«È stato sufficiente che gli svizzeri dessero una stretta agli ingressi, che sono contingentati, e c’è stato un reflusso su Milano. Mi ha detto il prefetto che qui e in un paio di paesi della Città metropolitana sarà pronto altro spazio», così Giuseppe Sala aggiorna sulla situazione nel capoluogo lombardo che attualmente ospita almeno 3.300 migranti. Secondo il sindaco la chiusura delle frontiere, da Ventimiglia a Chiasso arrivando fino al Brennero, è la causa dell’attuale situazione migratoria. Ma le associazioni impegnate nell’accoglienza ricordano «che ciò che non è stato risolto negli scorsi anni torna oggi alla luce».

La quasi totale chiusura del confine svizzero-italiano ha certamente fatto aumentare i numeri, ma il dibattito sul come e dove allocare le migliaia di migranti in transito nella città del post Expo è vecchio di alcuni mesi. Eppure giorno dopo giorno si ferma e si concentra sullo sola dimensione emergenziale. I centri d’accoglienza di Milano sono pieni già da inizio luglio, quando si parlava di circa 2.800 presenze in città.

Giuseppe Sala da tempo vorrebbe trasformare l’ex campo base di Expo in spazio adibito all’accoglienza dei migranti. L’idea del sindaco ha però aperto un contrasto molto accesso con il governatore della regione Lombardia Roberto Maroni che ieri ha scritto sul suo profilo twitter «Clandestini a casa loro, subito».

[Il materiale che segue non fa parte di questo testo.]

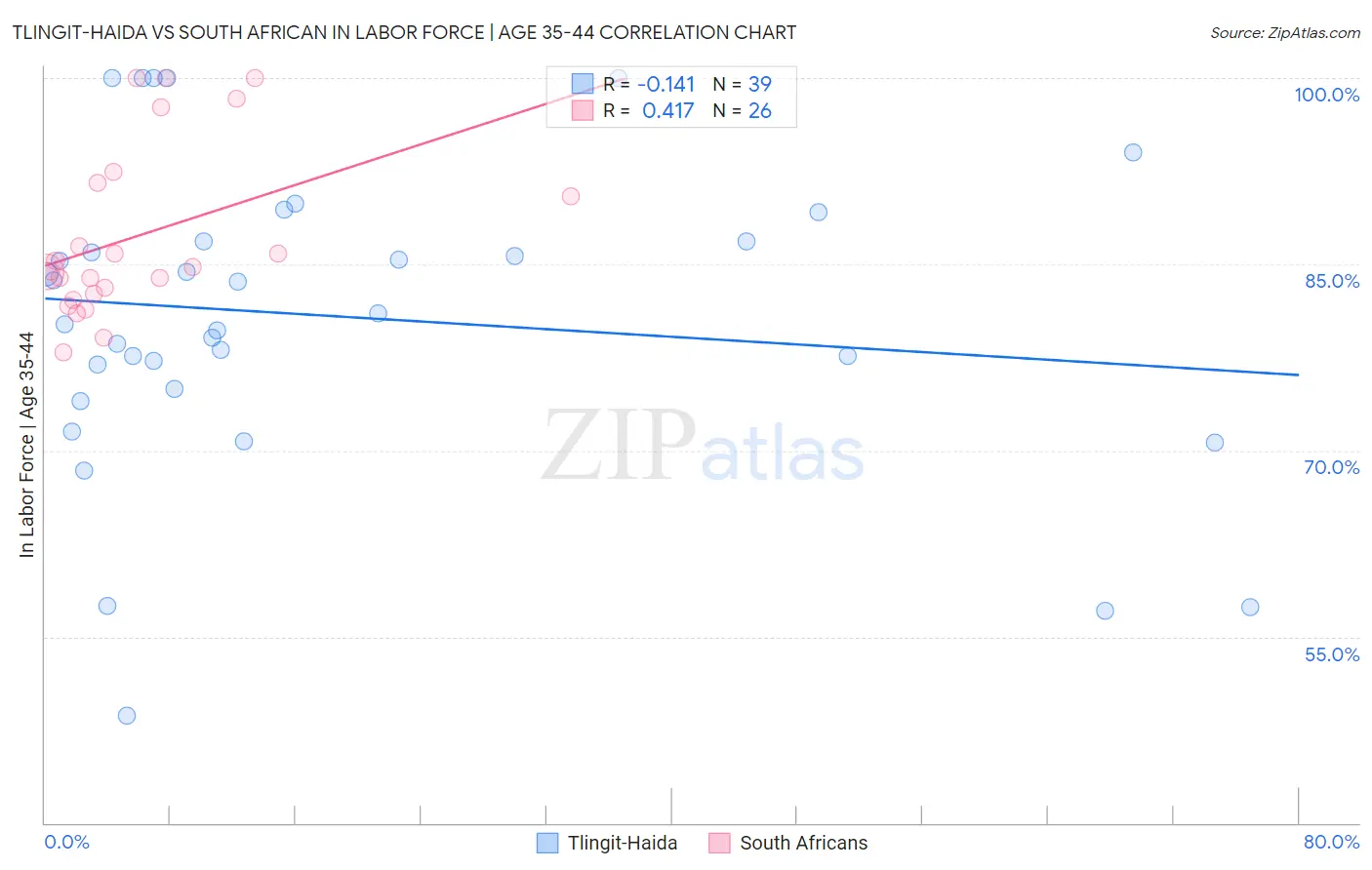 Tlingit-Haida vs South African In Labor Force | Age 35-44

I posti letto disponibili a Milano scarseggiano, il problema è immediato e il sindaco non esclude «la possibilità che si usino tende perché di spazi in tempi molto rapidi non ce ne sono in questo momento». Si tratterebbe di strutture per la prima accoglienza, che si aggiungeranno a quelle già sistemate all’interno dell’ex Centro di via Corelli e della caserma Mancini. Ma assicura il sindaco: «Non è prevista alcuna tendopoli in altri luoghi della città. Preciso questo a beneficio dei campioni del comunicato stampa ‘un tanto al chilo’ che vogliono descrivere una città allo sbando che non esiste». La Regione da parte sua risponde che «non metterà a disposizione alcuna struttura della Protezione civile lombarda».

È passeggiando attorno alla stazione centrale che s’incontrano alcune risposte e visioni differenti, sono le voci e le parole dell’attivismo solidale di tante associazioni che da anni affrontano le questione legate ai flussi migratori. Difficile trovare chi dica una cosa diversa da «basta parlare d’emergenza e di crisi, è la quarta estate consecutiva che Milano si riempie di migranti in transito. È una questione strutturale. Così andrebbe affrontata». Con attiviste e attivisti non sembra funzionare nemmeno la giustificazione delle frontiere chiuse, «Certo è un questione in più, ma non è il primo anno che viviamo questo fenomeno, anche prima della chiusura delle frontiere era così. Un dei problemi è che non si riesce a rispondere alle esigenze e alle domande dei richiedenti asilo, problema che si somma al flusso in transito». L’indagine sul sistema d’accoglienza dei richiedenti asilo, svolta dall’associazione di volontariato Naga, ammonisce «per ragionare compiutamente sull’accoglienza appare necessario non soffermarsi sull’immediato ma domandarsi quale sia il senso di questo processo». Rachela, cofondatrice di Cambio Passo ci dice «queste sono soluzioni che non tengono conto della necessità dei migranti ovvero di potersi muovere liberamente avendo come destinazione il luogo dove risiedono i cari. Le persone continuano ad arrivare dalle zone di crisi, attraversando la Libia o l’Egitto. Non si può nemmeno pensare di delegare ad altri stati il controllo o la gestione dei flussi. Le amministrazioni si trovano così ad affrontare problemi di politica estera».